> [DATA BLOCK]
+ + + +

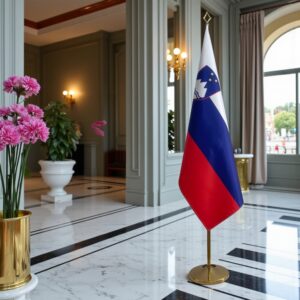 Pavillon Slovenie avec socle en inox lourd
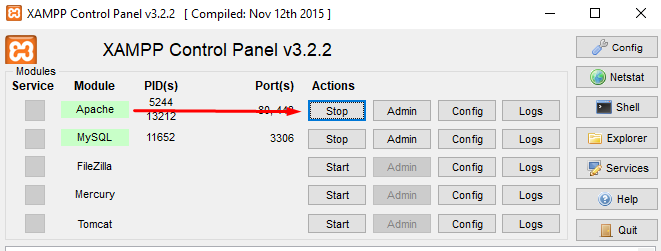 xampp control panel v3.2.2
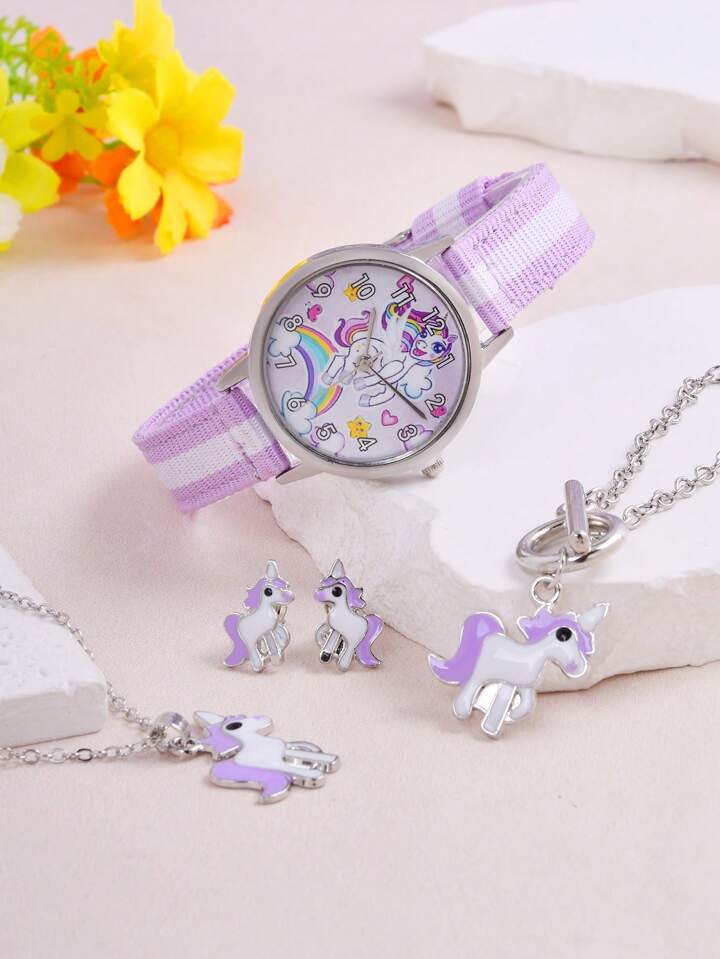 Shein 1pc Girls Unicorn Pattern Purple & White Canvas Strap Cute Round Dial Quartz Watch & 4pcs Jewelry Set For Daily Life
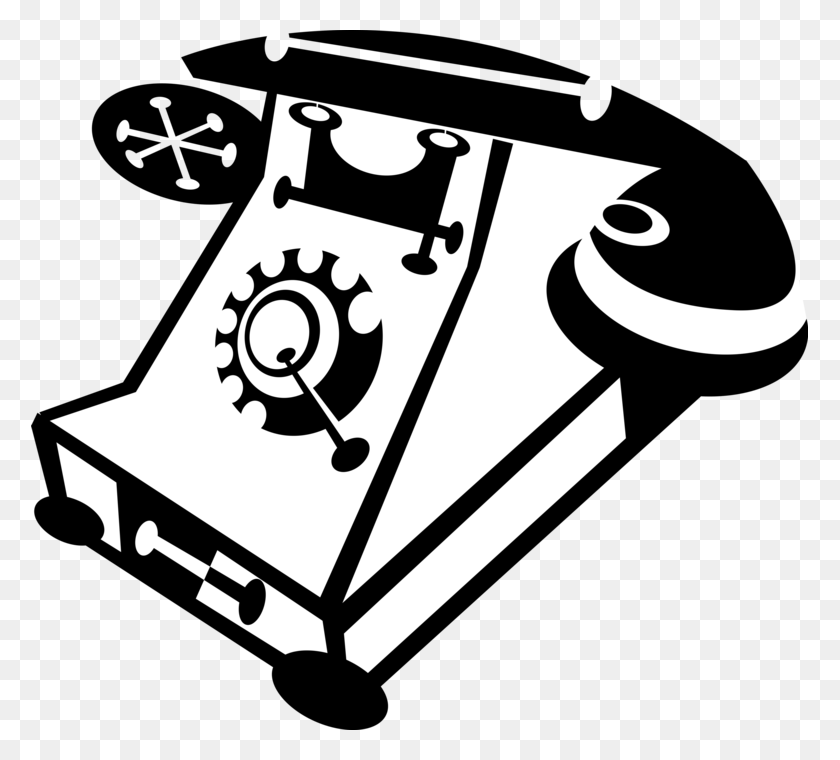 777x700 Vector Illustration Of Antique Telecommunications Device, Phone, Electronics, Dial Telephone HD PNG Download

+ + + +

> [EXERCISE DESCRIPTION] Return nothing except the lines from the one containing "Shein 1pc Girls" through the final line of the data, copied exactly. Leave out all pictures.

> [TASK SOLUTION]
 Shein 1pc Girls Unicorn Pattern Purple & White Canvas Strap Cute Round Dial Quartz Watch & 4pcs Jewelry Set For Daily Life
 777x700 Vector Illustration Of Antique Telecommunications Device, Phone, Electronics, Dial Telephone HD PNG Download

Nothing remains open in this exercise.